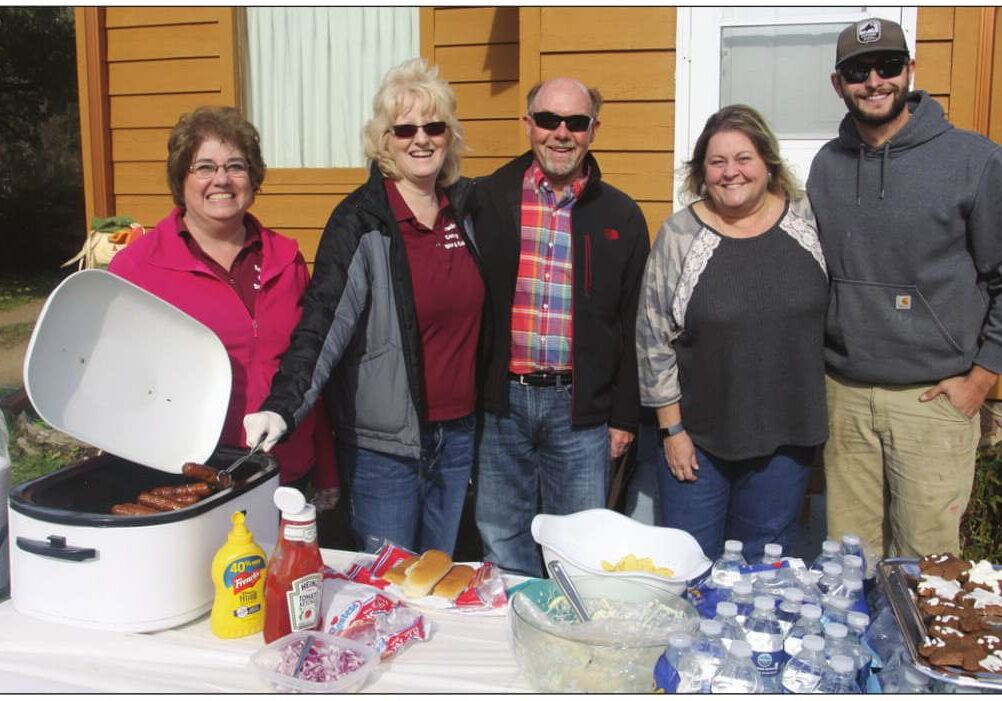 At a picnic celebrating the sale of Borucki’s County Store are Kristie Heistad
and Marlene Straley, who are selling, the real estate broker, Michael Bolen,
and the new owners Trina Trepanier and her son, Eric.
* * *
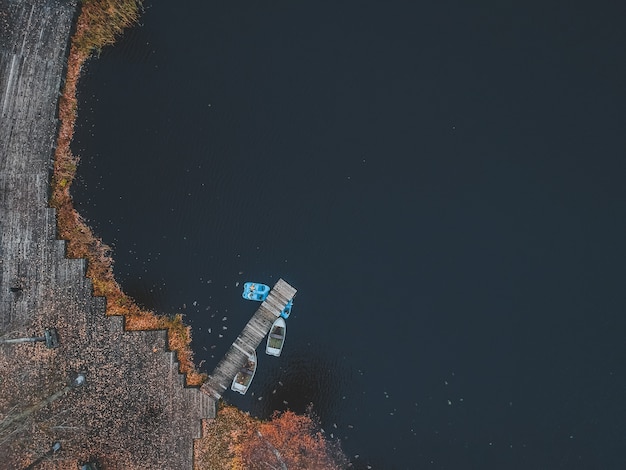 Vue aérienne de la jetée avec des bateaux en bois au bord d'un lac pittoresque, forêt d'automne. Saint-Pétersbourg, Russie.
--
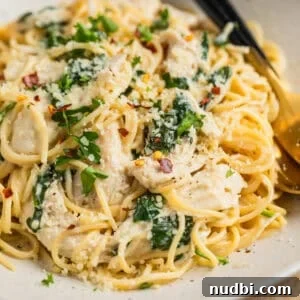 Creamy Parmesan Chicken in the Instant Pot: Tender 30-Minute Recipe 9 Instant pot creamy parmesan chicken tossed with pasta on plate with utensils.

## Exercise goal
Would you please reproduce the entries above, starting at the line with "At a picnic" and stopping after the line with "and the new"? Omit any pictures.

## Expected answer
 At a picnic celebrating the sale of Borucki’s County Store are Kristie Heistad
and Marlene Straley, who are selling, the real estate broker, Michael Bolen,
and the new owners Trina Trepanier and her son, Eric.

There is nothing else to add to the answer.